Fue un movimiento de tierras lento. Los vecinos descubrieron grietas en las paredes, vieron que poco a poco iban creciendo, notaron que algunos muros perdían apoyo y se torcían, y se marcharon antes de que las casas se cayeran. Una franja de tierra se hundió centímetro a centímetro durante cuatro años, hasta abrir una hondonada de cinco o seis metros de profundidad y un kilómetro de largo. Desde entonces, dicen los geólogos, el movimiento sigue pero de manera casi imperceptible. No hubo muertos, no hubo heridos, pero se quebraron las casas de cuatrocientas familias, la iglesia, el cabildo, la escuela de primaria, el acueducto y el alcantarillado. Ahora los alumnos se apelotonan en la escuela que antes era solo para los de secundaria, cuelgan cortinas del techo para dividir las aulas en dos. Levantaron albergues provisionales para acoger a muchas personas que siguen allí varadas después de nueve años. Los técnicos ya escogieron un terreno más firme en el que se levantarán las casas, un poco más abajo del pueblo actual. Ya dibujaron los planos. Pero no ha llegado ni un peso para empezar a construirlo.
No hubo muertos, no hubo heridos, pero se quebraron las casas de cuatrocientas familias, la iglesia, el cabildo, la escuela de primaria, el acueducto y el alcantarillado.
—Nosotros intentamos levantarnos de nuevo pero el Estado nos ignora.
Al Estado le conviene que las comunidades indígenas sean fuertes. «Los narcotraficantes identifican las comunidades indígenas más vulnerables, se infiltran en su tejido social, controlan esos territorios y se esconden allí», explicó Guillermo García, jefe de Desarrollo Alternativo de la Oficina de las Naciones Unidas contra la Droga y el Delito (UNODC), en declaraciones a La Silla Vacía. «Los cultivos ilícitos no se asientan en las comunidades fuertes, en las que han desarrollado una economía sana». Colombia es el mayor productor mundial de cocaína y las cifras crecen a toda velocidad: si en 2012 se cultivaban 48.000 hectáreas de coca, en 2022 alcanzaron las 230.000 (que dan para producir unas 1.738 toneladas de cocaína).
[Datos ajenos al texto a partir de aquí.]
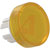EAO - 61-9311.4 - 15.8 mm Transparent Yellow Matte Round Flat Raised Plastic Lens Accessory|70029506 | ChuangWei Electronics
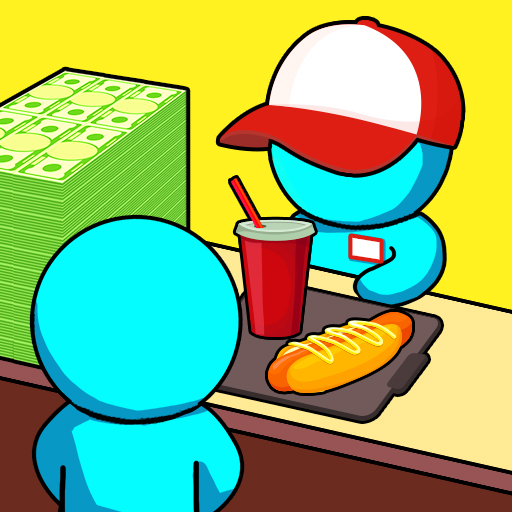 Hotdog Pls! Restaurant Tycoon logo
El departamento de Nariño, al que pertenece Aponte, es precisamente uno de los mayores productores. Y los cultivos se concentran de manera extraordinaria en los resguardos indígenas y afros, donde las fuerzas estatales tienen un acceso muy limitado. «Si las comunidades indígenas no tienen otros recursos, ninguna política antidrogas funcionará: volverán a la coca y la amapola».
—Las bandas criminales nos han seguido presionando todos estos años —dice Chindoy—, nos amenazan, nos atacan, pero nadie ha vuelto a la amapola. Ese es nuestro mayor orgullo como comunidad. Nos hemos empoderado, esa resistencia ya es parte de nuestra vida.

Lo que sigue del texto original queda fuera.